Collection entries
┏━━

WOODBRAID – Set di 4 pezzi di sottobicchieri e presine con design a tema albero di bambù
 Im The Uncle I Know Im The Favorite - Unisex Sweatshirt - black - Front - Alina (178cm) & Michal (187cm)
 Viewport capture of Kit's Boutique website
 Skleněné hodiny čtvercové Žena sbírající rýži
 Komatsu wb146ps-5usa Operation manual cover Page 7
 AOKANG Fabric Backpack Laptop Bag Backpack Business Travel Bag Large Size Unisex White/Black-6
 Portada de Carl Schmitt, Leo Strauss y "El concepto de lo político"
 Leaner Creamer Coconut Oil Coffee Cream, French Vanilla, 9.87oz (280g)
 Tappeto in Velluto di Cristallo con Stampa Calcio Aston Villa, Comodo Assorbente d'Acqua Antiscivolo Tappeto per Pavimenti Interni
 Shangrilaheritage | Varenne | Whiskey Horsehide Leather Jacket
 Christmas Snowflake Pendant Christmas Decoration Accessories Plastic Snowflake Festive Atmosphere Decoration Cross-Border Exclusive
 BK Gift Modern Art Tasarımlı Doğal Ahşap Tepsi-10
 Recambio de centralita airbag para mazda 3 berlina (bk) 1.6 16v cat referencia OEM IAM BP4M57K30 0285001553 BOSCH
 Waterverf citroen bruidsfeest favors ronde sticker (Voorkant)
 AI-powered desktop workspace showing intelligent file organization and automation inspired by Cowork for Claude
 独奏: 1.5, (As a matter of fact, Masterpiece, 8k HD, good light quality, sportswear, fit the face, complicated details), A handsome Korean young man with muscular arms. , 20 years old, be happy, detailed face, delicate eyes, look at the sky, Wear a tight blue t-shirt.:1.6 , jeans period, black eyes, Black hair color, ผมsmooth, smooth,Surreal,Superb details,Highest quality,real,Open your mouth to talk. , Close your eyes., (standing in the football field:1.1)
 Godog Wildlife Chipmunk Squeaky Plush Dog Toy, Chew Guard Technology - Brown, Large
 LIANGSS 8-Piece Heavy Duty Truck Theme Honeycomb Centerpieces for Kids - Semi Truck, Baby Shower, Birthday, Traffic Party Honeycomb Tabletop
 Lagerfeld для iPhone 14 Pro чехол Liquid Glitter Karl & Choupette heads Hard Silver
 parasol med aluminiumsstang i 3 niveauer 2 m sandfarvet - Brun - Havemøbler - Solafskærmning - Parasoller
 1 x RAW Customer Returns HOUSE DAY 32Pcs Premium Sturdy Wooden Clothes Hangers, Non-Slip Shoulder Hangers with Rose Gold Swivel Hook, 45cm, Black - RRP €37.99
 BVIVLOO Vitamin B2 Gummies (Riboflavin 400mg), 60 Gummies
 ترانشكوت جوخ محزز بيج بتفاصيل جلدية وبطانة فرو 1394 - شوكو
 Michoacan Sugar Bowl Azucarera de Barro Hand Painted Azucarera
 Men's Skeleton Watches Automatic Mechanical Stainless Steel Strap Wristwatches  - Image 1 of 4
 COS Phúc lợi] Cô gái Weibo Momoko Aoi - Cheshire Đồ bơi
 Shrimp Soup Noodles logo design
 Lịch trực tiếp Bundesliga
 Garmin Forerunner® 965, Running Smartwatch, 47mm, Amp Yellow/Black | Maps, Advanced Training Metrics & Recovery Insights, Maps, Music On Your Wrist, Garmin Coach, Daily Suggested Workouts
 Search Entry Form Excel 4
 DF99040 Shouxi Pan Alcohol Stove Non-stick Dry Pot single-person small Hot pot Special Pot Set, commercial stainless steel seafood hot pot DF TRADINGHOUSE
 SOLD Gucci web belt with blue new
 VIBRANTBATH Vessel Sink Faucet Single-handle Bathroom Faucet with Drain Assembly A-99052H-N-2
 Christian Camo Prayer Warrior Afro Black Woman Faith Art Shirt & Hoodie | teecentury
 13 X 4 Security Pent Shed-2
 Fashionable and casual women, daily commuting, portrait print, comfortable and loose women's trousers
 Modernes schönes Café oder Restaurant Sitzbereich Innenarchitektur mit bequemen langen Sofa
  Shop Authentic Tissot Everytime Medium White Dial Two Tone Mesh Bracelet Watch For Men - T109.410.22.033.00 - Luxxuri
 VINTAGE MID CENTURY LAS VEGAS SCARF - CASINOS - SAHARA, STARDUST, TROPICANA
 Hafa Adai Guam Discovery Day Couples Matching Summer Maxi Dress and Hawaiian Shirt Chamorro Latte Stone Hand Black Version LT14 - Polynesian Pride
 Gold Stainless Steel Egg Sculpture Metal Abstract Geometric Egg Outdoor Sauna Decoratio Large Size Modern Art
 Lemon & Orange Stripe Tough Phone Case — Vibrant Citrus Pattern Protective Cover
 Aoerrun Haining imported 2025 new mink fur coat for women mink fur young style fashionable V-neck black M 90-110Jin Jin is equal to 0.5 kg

┗━━

▸ **Problem description**: The lines above, from the start of the records through the one containing "LIANGSS 8-Piece Heavy", are to be printed exactly, and nothing else is to be included.

▸ **Exercise solution**:
WOODBRAID – Set di 4 pezzi di sottobicchieri e presine con design a tema albero di bambù
 Im The Uncle I Know Im The Favorite - Unisex Sweatshirt - black - Front - Alina (178cm) & Michal (187cm)
 Viewport capture of Kit's Boutique website
 Skleněné hodiny čtvercové Žena sbírající rýži
 Komatsu wb146ps-5usa Operation manual cover Page 7
 AOKANG Fabric Backpack Laptop Bag Backpack Business Travel Bag Large Size Unisex White/Black-6
 Portada de Carl Schmitt, Leo Strauss y "El concepto de lo político"
 Leaner Creamer Coconut Oil Coffee Cream, French Vanilla, 9.87oz (280g)
 Tappeto in Velluto di Cristallo con Stampa Calcio Aston Villa, Comodo Assorbente d'Acqua Antiscivolo Tappeto per Pavimenti Interni
 Shangrilaheritage | Varenne | Whiskey Horsehide Leather Jacket
 Christmas Snowflake Pendant Christmas Decoration Accessories Plastic Snowflake Festive Atmosphere Decoration Cross-Border Exclusive
 BK Gift Modern Art Tasarımlı Doğal Ahşap Tepsi-10
 Recambio de centralita airbag para mazda 3 berlina (bk) 1.6 16v cat referencia OEM IAM BP4M57K30 0285001553 BOSCH
 Waterverf citroen bruidsfeest favors ronde sticker (Voorkant)
 AI-powered desktop workspace showing intelligent file organization and automation inspired by Cowork for Claude
 独奏: 1.5, (As a matter of fact, Masterpiece, 8k HD, good light quality, sportswear, fit the face, complicated details), A handsome Korean young man with muscular arms. , 20 years old, be happy, detailed face, delicate eyes, look at the sky, Wear a tight blue t-shirt.:1.6 , jeans period, black eyes, Black hair color, ผมsmooth, smooth,Surreal,Superb details,Highest quality,real,Open your mouth to talk. , Close your eyes., (standing in the football field:1.1)
 Godog Wildlife Chipmunk Squeaky Plush Dog Toy, Chew Guard Technology - Brown, Large
 LIANGSS 8-Piece Heavy Duty Truck Theme Honeycomb Centerpieces for Kids - Semi Truck, Baby Shower, Birthday, Traffic Party Honeycomb Tabletop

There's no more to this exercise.